To shed some light on how certain items could jam up the recycling stream, we asked Christina for a quick run through on the recycling process:
Once a truck deposits a load of recyclable at the recycling center, a front-end loader maneuvers the recyclables onto a conveyor belt, which sends the material though a processing system using a combination of screens, blowers, magnets and manual separation. Using a series of sorting screens, cardboard and paper are separated, placed on specific conveyor belts and then compressed by material type into large blocks, or “bales.” Aluminum, glass, steel and various types of plastics drop onto a different conveyor belt which leads up to a sort room. Here, plastics bottles and containers are hand sorted by workers according to type, and aluminum and steel cans are separated by magnets. Once separate, each specific material goes into a holding cell until there is enough of any one type of material to be baled into a compacted block of material. And lastly, these bales are stored until a manufacturer wants to purchase them and make the material into something new.
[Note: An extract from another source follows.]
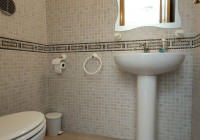 Bestaande woningen - Herenhuis - Los Altos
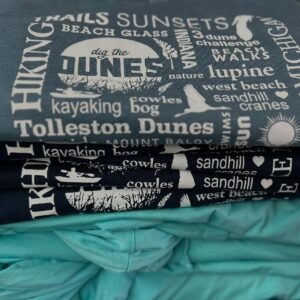 large quantity discounts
While recycling machines are made to deftly sift through these recyclables, they are not made to handle certain materials.
“This process is halted many times a day,” says Christina. “Items like garden hoses and plastic bags gum up the recycling equipment requiring workers to constantly stop the lines and unwrap plastic bags from rotating gears.” A process which is dangerous, costly and time-consuming.
So how you can stay up to date on what’s recyclable and what’s not? What resources can you consult when you’re questioning in which bin to place an item?
Charleston County Environmental Management Facebook page offers great pointers on recycling. Also, their website has a detailed list of recyclable and non-recyclable material.
But, while you’re here, check out these quick tips on recycling right:
– Many people will put their items in a plastic bag, tie it up and place it in the bin. Be sure to place your recyclable items loosely in the bin. (And, of course, no plastic bags!) “Soft” plastics, like plastic grocery bags, shrink wrap, and dry cleaner bags, are not accepted for recycling in Charleston County, but residents are encouraged to return these materials to a participating retailer to be recycled.
– As mentioned above, many of these recyclable items are hand-sorted by employees. So be sure to rinse off all food residue from recyclables. Not only is it not fun to handle items with days-old yogurt still in them, but the food will contaminate other recyclables, making them unfit for baling and recycling.
– Break down and flatten your cardboard before placing in the bin.
– And last but not least, if you’re unsure of whether or not an item is recyclable, consult the above resources and find out. Charleston County encourages residents and businesses to use the motto: “when in doubt, keep it out.” Use those above resources and stay informed. It’s great that you’re recycling, but it’s just as important to recycle right.